Mais cedo, a situação do jogo da Libertadores chegou a ser levantada junto ao ministro da Justiça, Félix Chero, que disse que o jogo não será exceção.

"Terá que ser remarcado. Não nos esqueçamos que em medidas excepcionais, há atitudes excepcionais que têm de ser tomadas. Uma partida de futebol não pode se sobrepor à tranquilidade do país", disse em entrevista à imprensa local.

A Conmebol, que comanda o futebol sul-americano, tentou durante o dia manter a realização do jogo nesta terça-feira. O presidente Rodolfo Landim foi ativo nas conversas para a manutenção do jogo em Lima, ainda que com portões fechados. Havia debates sobre se o Sporting pode ser eventualmente penalizado com perda dos pontos da partida, já que o Flamengo não teve ingerência sobre a situação e estava pronto para jogar.

O adiamento poderia fazer o Flamengo ter problemas com o calendário apertado em 2022. A próxima data livre do clube brasileiro é em 1° de junho, quando haverá uma data Fifa.

Protestos no Peru

O decreto no Peru veio após protestos massivos no país ao longo dos últimos dias, tendo como uma das principais pautas o aumento de preços em meio à inflação no país.

Estão no radar sobretudo o aumento de combustíveis e produtos como fertilizantes, que levaram também a altas em preço dos alimentos. Os protestos foram encabeçados por transportadores e agricultores, embora tenham se ampliado para mais grupos da população na sequência.

Os atos bloquearam estradas do país durante seis dias e, no último sábado, 2 de abril, confrontos entre manifestantes e a polícia deixaram mais de uma dezena de feridos e presos.

Protestos em dia de votação de impeachment de Castillo no Congresso: instabilidade política no Peru (Angela Ponce/Bloomberg/Getty Images)

O governo anunciou na semana passada isenções de impostos sobre combustíveis e aumentou o salário mínimo em 10% (para 1.025 soles na moeda local ou cerca de R$ 1.301 na cotação atual), mas as medidas não foram suficientes para amenizar as tensões.

Segundo o governo, o estado de emergência foi decretado para garantir a segurança, e decidido após uma reunião na noite de segunda-feira, 4, do presidente Pedro Castillo com seu gabinete de ministros.

Em pronunciamento, Castillo afirmou que o objetivo é "proteger os direitos fundamentais de todas as pessoas".

Governo conturbado de Castillo

O episódio é mais uma das controvérsias envolvendo o governo Castillo, professor da zona rural eleito em junho de 2021 prometendo um governo de esquerda.
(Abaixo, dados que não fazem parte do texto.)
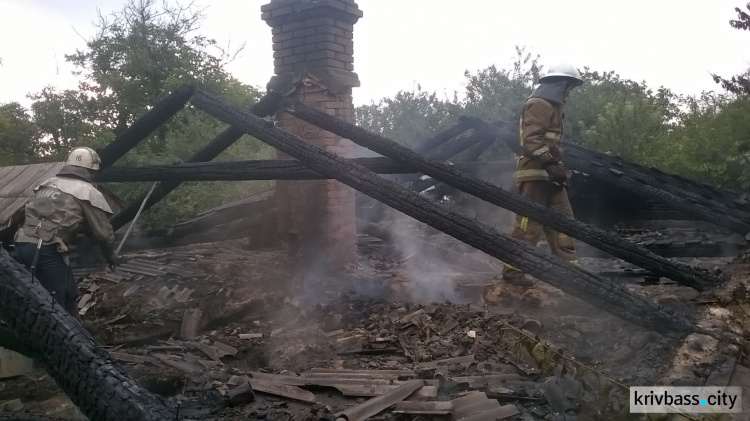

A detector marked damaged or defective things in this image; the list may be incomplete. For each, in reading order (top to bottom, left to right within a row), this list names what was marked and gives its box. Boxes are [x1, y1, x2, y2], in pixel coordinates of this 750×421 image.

charred wooden beam [0, 248, 178, 418]
charred wooden beam [97, 84, 195, 168]
burned wood plank [98, 83, 195, 167]
charred wooden beam [109, 91, 288, 230]
fire damage [0, 85, 748, 420]
burned wood plank [336, 378, 428, 418]
charred wooden beam [192, 89, 700, 334]
burned wood plank [191, 90, 704, 334]
charred wooden beam [284, 99, 720, 288]
burned wood plank [284, 99, 720, 288]
charred wooden beam [470, 118, 750, 235]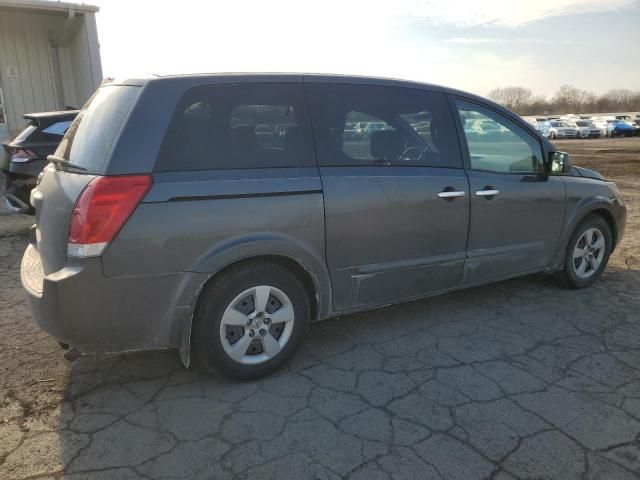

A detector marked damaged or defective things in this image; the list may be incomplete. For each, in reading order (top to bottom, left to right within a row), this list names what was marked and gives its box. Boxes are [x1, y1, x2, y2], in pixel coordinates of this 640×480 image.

cracked asphalt [1, 137, 640, 478]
Castillo chegou ao cargo após uma eleição apertada contra a direitista Keiko Fujimori e em que ambos os candidatos chegaram ao segundo turno com parcela pequena dos votos - e grande parte da população insatisfeita.

Desde então, o mandatário teve de trocar uma série de ministros da formação original do gabinete, mudou parte de sua plataforma e vem sendo criticado mesmo por alas que ajudaram a elegê-lo.
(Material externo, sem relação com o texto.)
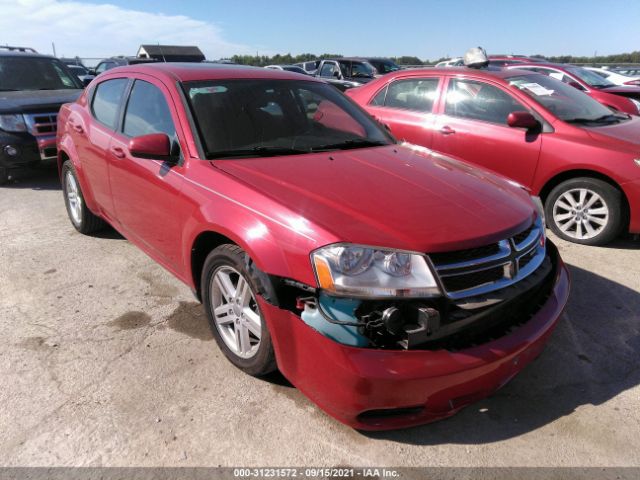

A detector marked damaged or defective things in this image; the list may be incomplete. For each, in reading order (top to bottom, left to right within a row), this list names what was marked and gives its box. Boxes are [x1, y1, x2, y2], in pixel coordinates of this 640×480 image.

Castillo deixa Congresso em 28 de março: presidente sofreu dois processos de vacância em menos de um ano no cargo (Angela Ponce/Bloomberg/Getty Images)

Como outros presidentes peruanos anteriores, Castillo sofre dura pressão do Congresso, que tem poderes mais amplos no Peru ao poder votar uma "moção de vacância" contra o presidente, por justificativas abrangentes, como "incapacidade moral".

Com menos de um ano de mandato, Castillo já escapou de dois processos de impeachment - o último há sete dias -, e o Congresso ameaça constantemente abrir um novo processo.

O último presidente eleito do Peru, Pedro Pablo Kuczynski, de centro-direita, renunciou antes de sofrer impeachment em 2018, e seu substituto, o vice Martín Vizcarra, também foi removido em 2020. A instabilidade política tem sido frequente no Peru, que é também um dos países mais afetados por escândalos de corrupção que envolveram a construtora brasileira Odebrecht e quase toda a elite política do país.

*A matéria foi atualizada com a confirmação da realização da partida.